* Exercise objective *
Once you reach the line containing "bathroom with vanity, a" in the data below, restate each line word for word up to and including the one containing "microwave, and stove.".

* Supplied records *
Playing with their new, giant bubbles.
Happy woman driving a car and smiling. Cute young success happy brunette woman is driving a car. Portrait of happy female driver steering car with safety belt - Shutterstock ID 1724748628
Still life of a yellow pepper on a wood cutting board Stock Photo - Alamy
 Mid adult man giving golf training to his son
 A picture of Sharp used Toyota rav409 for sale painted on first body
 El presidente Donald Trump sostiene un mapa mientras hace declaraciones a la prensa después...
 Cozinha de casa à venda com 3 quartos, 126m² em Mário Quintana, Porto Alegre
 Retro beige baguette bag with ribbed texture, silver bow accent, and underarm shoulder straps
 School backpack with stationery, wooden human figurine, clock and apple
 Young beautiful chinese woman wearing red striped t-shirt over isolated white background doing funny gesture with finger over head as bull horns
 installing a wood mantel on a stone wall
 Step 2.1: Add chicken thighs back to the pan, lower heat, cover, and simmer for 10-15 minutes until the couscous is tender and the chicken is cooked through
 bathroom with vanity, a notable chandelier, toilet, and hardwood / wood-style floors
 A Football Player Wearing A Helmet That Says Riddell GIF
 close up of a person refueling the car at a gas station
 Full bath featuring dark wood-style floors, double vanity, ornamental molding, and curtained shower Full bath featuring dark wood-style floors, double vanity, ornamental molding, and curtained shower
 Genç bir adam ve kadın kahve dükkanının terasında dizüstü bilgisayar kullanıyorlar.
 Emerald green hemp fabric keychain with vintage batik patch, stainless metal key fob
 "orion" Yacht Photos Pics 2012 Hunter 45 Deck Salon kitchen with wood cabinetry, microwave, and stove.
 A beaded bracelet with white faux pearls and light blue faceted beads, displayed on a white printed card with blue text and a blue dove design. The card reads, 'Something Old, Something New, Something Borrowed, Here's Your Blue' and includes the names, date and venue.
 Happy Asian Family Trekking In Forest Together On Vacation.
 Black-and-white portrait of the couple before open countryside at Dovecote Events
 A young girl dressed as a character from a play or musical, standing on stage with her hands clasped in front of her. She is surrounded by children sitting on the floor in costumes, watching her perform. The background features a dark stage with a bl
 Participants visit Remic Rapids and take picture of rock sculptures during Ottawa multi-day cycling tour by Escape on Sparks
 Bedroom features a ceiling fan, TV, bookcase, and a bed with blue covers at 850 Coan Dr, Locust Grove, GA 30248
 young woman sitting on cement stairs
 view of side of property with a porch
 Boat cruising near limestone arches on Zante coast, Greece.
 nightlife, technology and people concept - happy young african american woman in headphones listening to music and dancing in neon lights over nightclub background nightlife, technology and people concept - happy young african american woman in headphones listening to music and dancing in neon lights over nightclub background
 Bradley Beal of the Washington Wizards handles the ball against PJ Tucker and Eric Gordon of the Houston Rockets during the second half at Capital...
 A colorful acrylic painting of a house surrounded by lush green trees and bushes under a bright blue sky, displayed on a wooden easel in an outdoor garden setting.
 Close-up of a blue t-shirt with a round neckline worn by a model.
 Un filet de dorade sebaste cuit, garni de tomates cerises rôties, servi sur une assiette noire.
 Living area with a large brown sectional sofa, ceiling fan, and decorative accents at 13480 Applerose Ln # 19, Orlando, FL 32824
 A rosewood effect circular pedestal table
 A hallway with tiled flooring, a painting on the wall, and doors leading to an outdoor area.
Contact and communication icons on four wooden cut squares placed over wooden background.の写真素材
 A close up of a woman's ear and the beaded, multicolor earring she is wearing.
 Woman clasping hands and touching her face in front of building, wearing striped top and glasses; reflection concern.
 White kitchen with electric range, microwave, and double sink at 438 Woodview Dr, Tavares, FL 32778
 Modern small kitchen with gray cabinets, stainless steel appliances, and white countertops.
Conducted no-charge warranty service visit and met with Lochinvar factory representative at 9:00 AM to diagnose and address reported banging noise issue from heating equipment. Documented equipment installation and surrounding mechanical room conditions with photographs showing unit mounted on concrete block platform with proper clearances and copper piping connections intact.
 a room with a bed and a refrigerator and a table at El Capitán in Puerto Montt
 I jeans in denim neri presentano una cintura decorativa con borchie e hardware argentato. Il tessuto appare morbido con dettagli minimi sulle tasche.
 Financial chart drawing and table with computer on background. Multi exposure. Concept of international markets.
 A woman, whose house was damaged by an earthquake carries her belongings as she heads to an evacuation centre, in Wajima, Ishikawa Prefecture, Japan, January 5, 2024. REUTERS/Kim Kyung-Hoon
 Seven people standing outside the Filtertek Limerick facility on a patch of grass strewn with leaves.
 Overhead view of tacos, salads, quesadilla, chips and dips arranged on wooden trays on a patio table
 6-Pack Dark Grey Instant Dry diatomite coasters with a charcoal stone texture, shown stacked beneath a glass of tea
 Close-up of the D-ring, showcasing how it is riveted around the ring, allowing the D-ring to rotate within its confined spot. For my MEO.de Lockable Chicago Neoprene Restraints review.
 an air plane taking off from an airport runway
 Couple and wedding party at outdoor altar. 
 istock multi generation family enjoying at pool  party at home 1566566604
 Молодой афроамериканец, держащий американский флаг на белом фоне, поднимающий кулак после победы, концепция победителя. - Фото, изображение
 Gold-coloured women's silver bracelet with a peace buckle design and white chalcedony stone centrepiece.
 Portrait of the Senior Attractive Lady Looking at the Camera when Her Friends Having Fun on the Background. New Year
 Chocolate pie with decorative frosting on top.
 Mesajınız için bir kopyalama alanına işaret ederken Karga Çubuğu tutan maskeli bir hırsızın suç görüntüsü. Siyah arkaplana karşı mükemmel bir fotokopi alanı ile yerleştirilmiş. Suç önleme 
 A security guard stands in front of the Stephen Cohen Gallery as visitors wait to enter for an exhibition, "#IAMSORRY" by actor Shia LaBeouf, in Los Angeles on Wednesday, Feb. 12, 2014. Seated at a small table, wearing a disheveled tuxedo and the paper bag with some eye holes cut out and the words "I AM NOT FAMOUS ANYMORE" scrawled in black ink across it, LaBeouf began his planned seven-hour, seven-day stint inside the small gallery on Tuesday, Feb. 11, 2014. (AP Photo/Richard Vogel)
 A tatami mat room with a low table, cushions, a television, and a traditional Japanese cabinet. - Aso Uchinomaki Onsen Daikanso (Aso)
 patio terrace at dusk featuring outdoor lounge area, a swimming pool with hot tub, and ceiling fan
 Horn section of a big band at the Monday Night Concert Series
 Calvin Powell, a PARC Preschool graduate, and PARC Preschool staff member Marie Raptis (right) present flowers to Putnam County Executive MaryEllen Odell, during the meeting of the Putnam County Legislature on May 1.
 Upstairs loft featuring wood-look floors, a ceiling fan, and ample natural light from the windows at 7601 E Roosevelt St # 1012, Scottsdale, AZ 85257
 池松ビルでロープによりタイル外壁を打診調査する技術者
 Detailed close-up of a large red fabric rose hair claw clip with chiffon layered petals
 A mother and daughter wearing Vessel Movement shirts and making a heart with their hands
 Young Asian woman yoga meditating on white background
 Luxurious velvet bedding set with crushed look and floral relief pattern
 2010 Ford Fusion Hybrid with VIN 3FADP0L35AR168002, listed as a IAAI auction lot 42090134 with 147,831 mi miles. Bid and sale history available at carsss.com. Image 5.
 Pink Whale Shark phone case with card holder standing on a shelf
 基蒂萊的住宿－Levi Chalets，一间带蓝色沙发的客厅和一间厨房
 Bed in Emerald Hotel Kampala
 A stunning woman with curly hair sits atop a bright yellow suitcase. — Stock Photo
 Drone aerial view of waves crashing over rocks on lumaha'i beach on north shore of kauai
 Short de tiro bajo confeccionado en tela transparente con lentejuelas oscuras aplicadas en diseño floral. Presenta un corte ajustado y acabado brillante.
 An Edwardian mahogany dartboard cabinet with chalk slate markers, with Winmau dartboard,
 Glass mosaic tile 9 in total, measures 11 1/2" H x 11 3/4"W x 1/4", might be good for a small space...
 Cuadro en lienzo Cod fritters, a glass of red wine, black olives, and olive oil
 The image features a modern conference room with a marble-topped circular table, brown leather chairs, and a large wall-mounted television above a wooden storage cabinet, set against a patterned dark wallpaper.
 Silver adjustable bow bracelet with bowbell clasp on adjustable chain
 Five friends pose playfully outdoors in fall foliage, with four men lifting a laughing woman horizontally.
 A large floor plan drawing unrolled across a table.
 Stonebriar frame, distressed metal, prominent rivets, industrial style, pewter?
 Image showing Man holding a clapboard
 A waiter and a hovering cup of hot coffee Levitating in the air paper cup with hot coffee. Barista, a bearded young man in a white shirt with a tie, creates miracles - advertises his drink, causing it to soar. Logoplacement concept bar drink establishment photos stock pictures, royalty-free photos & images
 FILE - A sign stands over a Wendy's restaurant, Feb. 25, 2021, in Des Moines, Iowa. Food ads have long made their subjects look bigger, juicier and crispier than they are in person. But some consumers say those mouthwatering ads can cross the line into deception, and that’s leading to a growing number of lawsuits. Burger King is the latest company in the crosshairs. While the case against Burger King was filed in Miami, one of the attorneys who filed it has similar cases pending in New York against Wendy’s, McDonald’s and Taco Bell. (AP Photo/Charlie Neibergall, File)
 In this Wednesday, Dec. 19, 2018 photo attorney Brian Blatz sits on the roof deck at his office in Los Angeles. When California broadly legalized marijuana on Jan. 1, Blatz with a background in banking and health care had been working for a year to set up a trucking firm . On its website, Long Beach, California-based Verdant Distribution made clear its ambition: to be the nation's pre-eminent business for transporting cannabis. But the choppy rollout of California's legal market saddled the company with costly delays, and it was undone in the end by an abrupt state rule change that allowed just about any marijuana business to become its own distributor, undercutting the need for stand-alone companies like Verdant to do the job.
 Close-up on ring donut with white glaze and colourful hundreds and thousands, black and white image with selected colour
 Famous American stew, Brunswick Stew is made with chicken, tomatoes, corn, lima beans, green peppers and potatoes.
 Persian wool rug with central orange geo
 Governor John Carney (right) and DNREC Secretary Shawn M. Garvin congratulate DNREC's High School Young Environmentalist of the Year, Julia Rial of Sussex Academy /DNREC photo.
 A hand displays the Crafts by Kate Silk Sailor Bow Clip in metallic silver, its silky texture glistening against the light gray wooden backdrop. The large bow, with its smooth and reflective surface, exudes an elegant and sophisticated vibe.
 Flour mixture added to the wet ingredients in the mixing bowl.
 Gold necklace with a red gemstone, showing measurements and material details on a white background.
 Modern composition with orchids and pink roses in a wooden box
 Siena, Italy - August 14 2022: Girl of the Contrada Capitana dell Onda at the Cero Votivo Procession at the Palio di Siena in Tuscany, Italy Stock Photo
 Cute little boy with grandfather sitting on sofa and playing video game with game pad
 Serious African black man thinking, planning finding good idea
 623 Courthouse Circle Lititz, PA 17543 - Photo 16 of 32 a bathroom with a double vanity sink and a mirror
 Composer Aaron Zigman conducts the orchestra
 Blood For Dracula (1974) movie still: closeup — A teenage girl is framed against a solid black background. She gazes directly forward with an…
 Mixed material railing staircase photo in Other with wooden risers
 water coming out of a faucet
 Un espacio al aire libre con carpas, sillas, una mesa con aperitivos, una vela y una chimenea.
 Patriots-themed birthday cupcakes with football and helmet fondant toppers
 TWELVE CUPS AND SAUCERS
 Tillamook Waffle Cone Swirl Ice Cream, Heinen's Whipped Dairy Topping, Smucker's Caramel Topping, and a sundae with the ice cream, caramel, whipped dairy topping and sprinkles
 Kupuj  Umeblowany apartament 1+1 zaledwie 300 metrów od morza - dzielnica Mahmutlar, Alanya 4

* Written response *
 bathroom with vanity, a notable chandelier, toilet, and hardwood / wood-style floors
 A Football Player Wearing A Helmet That Says Riddell GIF
 close up of a person refueling the car at a gas station
 Full bath featuring dark wood-style floors, double vanity, ornamental molding, and curtained shower Full bath featuring dark wood-style floors, double vanity, ornamental molding, and curtained shower
 Genç bir adam ve kadın kahve dükkanının terasında dizüstü bilgisayar kullanıyorlar.
 Emerald green hemp fabric keychain with vintage batik patch, stainless metal key fob
 "orion" Yacht Photos Pics 2012 Hunter 45 Deck Salon kitchen with wood cabinetry, microwave, and stove.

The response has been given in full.